The intergroup imbalance between low- and high-grade ccRCC is an inevitable issue for machine learning-based analysis due to the relatively lower incidence of high-grade ccRCC. Thus, the performance of a model based on imbalanced data will be overestimated and unreliable, and the degree of overestimation and unreliability mainly depend on the component proportions of low- and high-grade ccRCC but not on the selected texture features. This is a prevalent and critical problem in previous studies [29, 30]. The characteristic texture features of ccRCC should be retained in most slices of the tumor. Hence, every single slice can theoretically contribute to the machine learning classifier. In our study, every selected slice from high-grade ccRCC was considered as an individual sample to augment the high-grade samples and minimize the bias.
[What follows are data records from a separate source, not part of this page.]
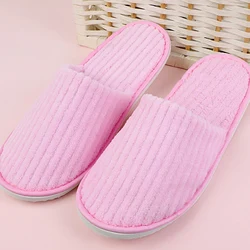 2024 Solid Color Coral Fleece Slippers For Men Women Non-slip Disposable Slippers Home Travel SPA Slippers Party Indoor Footwear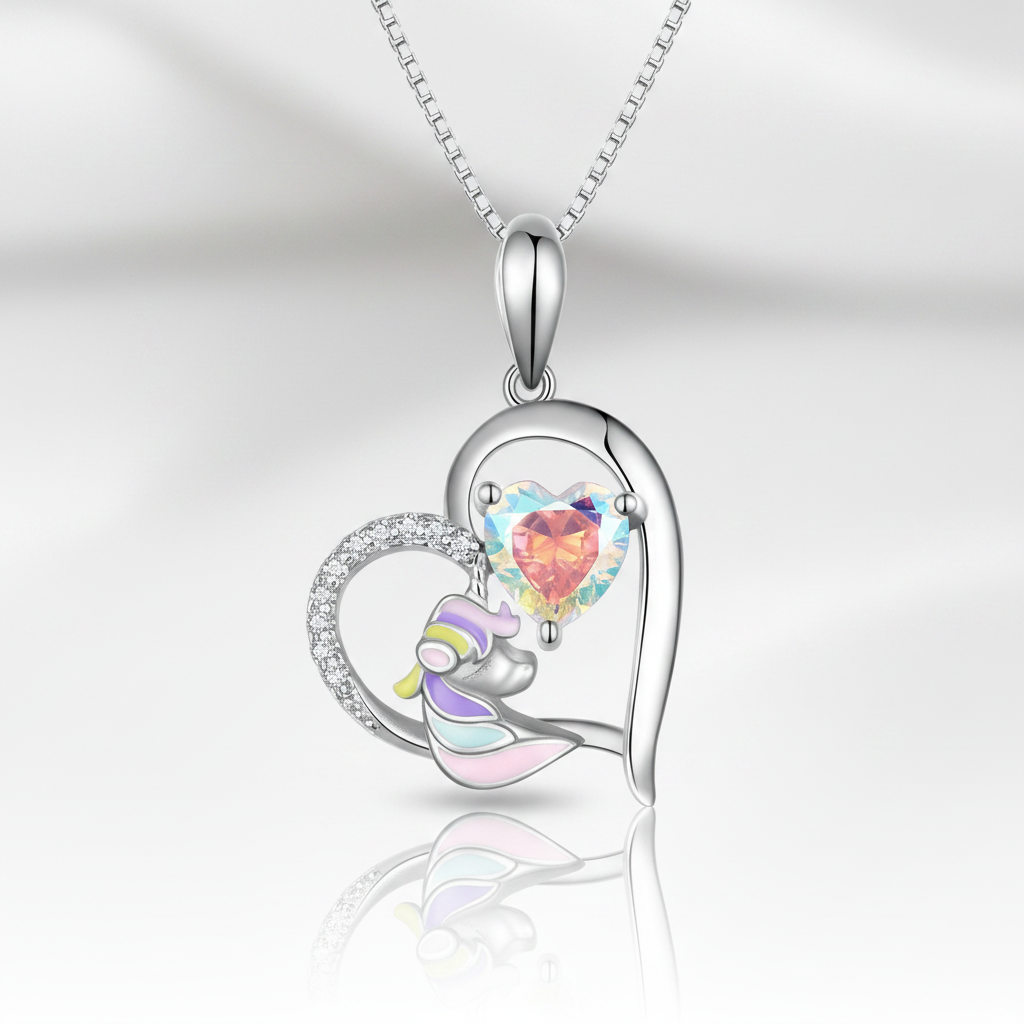 Cute Heart with Unicorn Pendant Necklace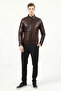 Orlando Men's Jumbo Large Size Slimfit Real Leather Coat Hazelnut - 4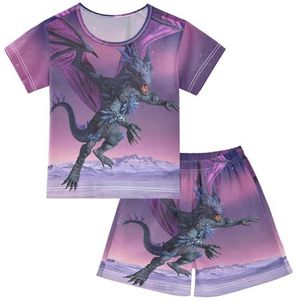 YOUJUNER Kinderpyjama set fantasie drakenontwerp T-shirt met korte mouwen zomer nachtkleding pyjama lounge wear nachtkleding voor jongens meisjes kinderen, Meerkleurig, 12 jaar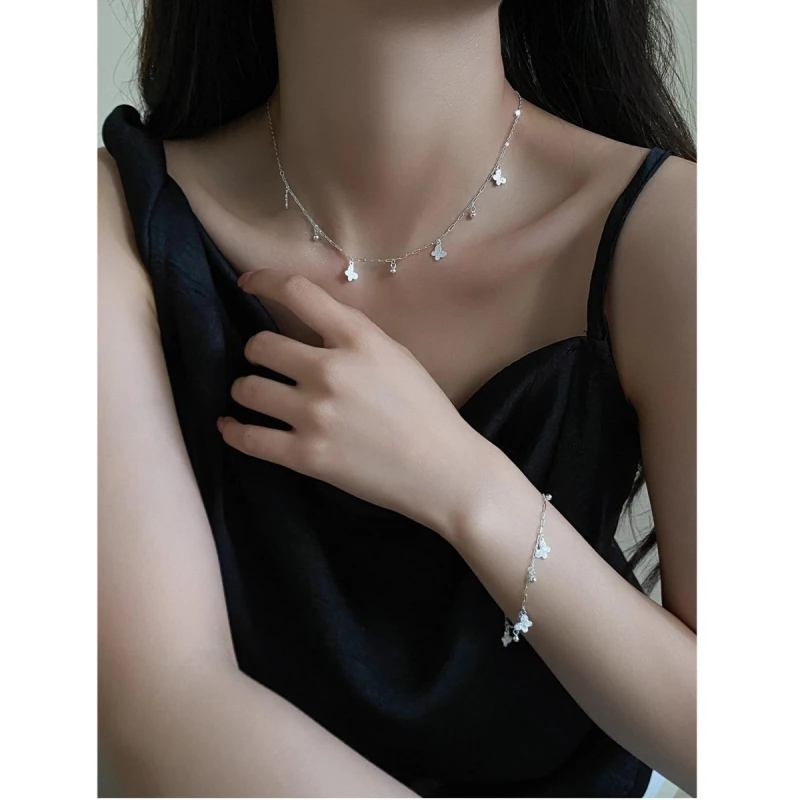 链子925银 超仙气流苏蝴蝶饰品项链手链ins潮流高级感女小众套装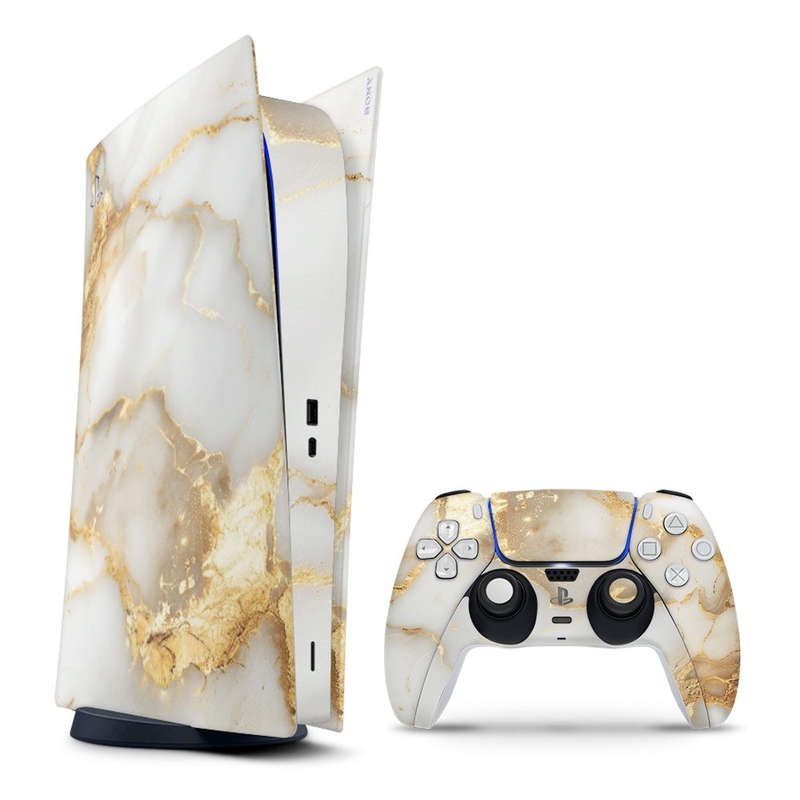 Decal Sticker Skin For PS5 Digital: White Gold Vein Marble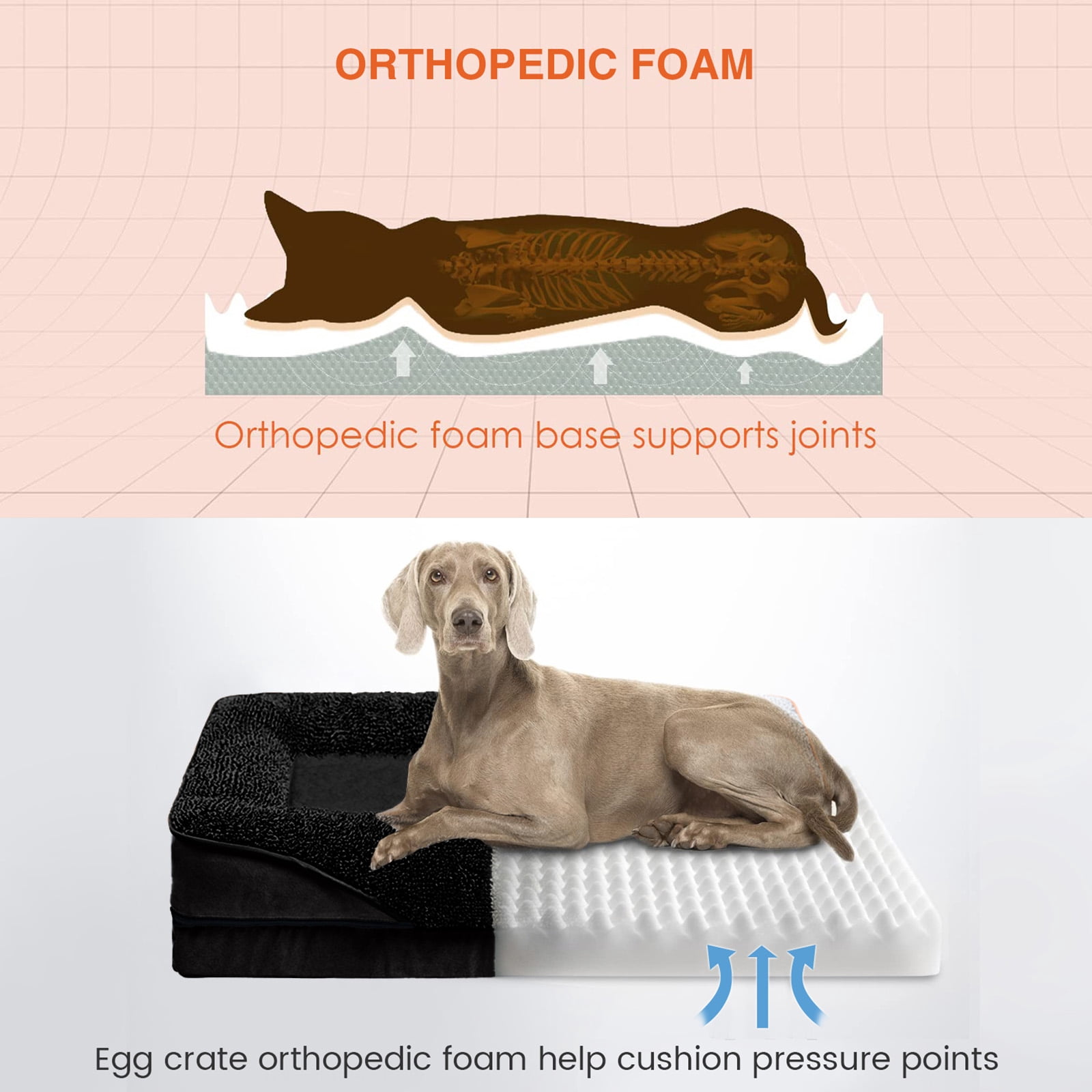 PayUSD Dog Beds for Large Medium Small Dogs Orthopedic Pet Bed Sofa Supportive Egg Crate Foam Animal Couch with Removable Washable Cover Non Skid Bottom S to XL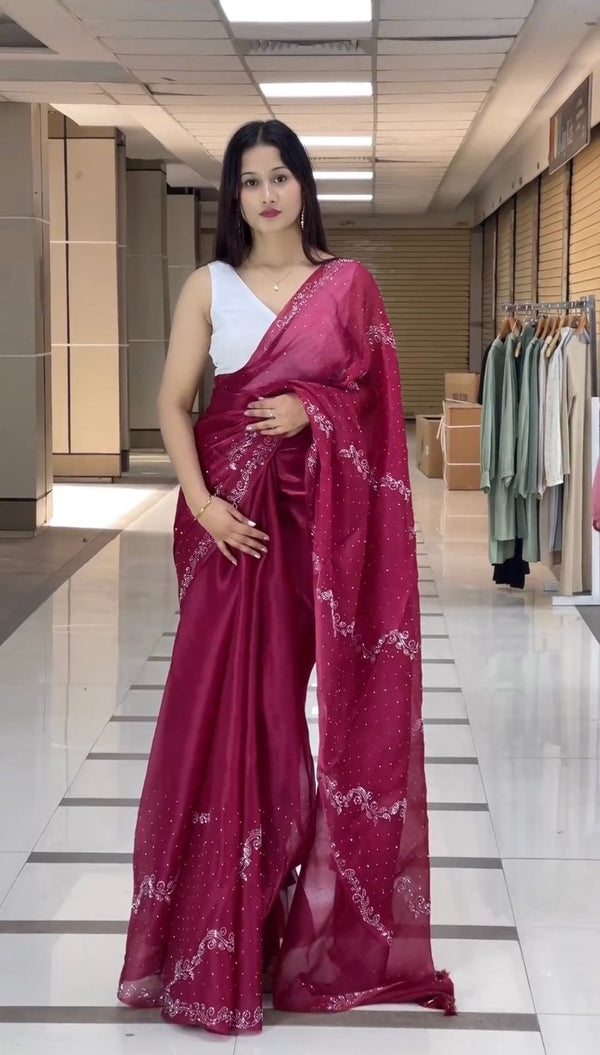 Embellished Work Wine Color Party Wear Saree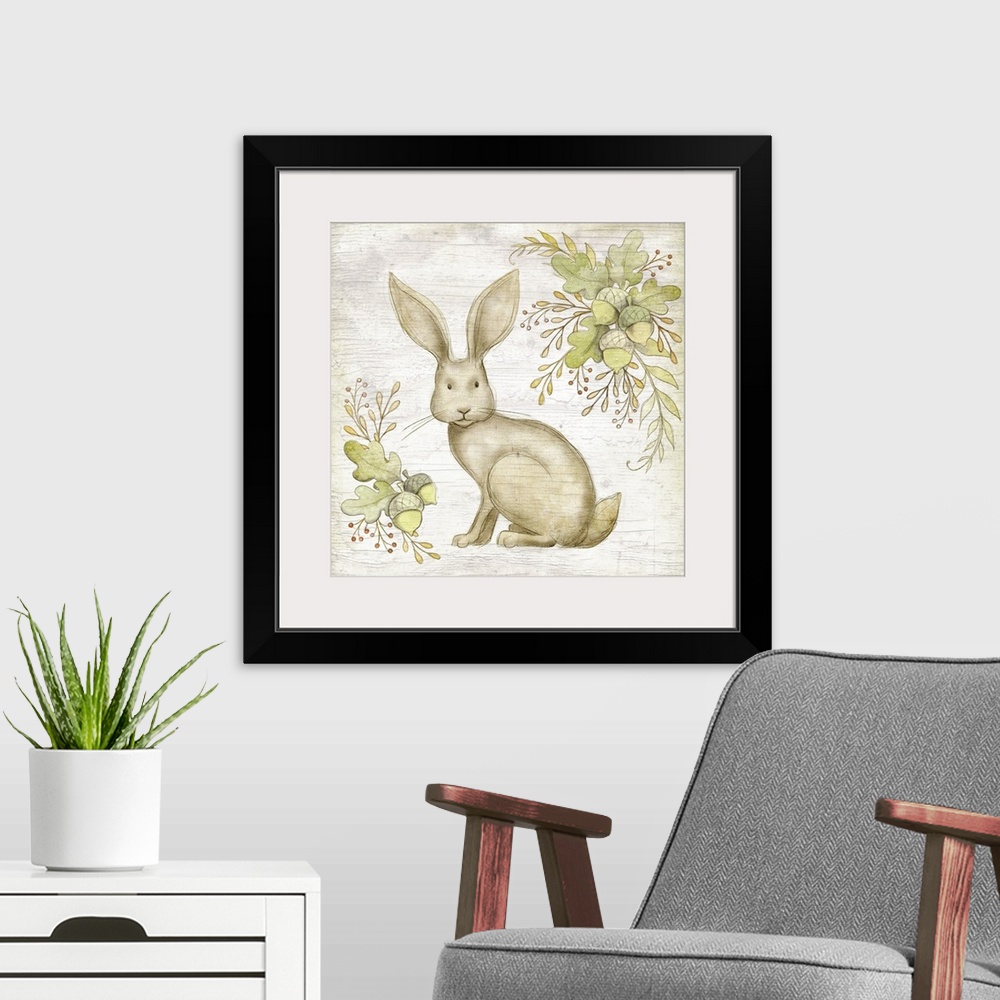 A modern room featuring Sweet woodland baby bunny perfect for baby and child's room decor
There are several limitations to our study. First, 3D radiomics features, which are features extracted across whole image slides of the tumor, were not used in this study, and in theory, these features can provide additional information. However, a prior study showed that 2D features actually exhibited better performance than 3D features [37]. Second, deep learning, which is a subset of the machine learning technique, has shown promising potential in medical imaging [38]. Unlike other machine learning methods, it is capable of discovering image features automatically without manually providing the features. Thus, this method may result in a more powerful model; however, we did not apply this technique in our study because, even though we had the largest cohort of patients among previous machine learning studies, a much larger sample size than we had was needed to obtain a stable deep learning model. Moreover, the features that deep learning detects are even more difficult to understand because they have no preexisting description or definition.

Conclusion

The results of our proof-of-concept study show that a CT-based machine learning model can be valuable for differentiating low- from high-grade ccRCC. However, further prospective studies are needed to verify its value. In addition to diagnostic accuracy, further machine learning studies could also potentially address other important clinical factors such as the survival time or genotype (BAP1 and PBRM1), which have been shown to be independent prognostic factors for tumor recurrence.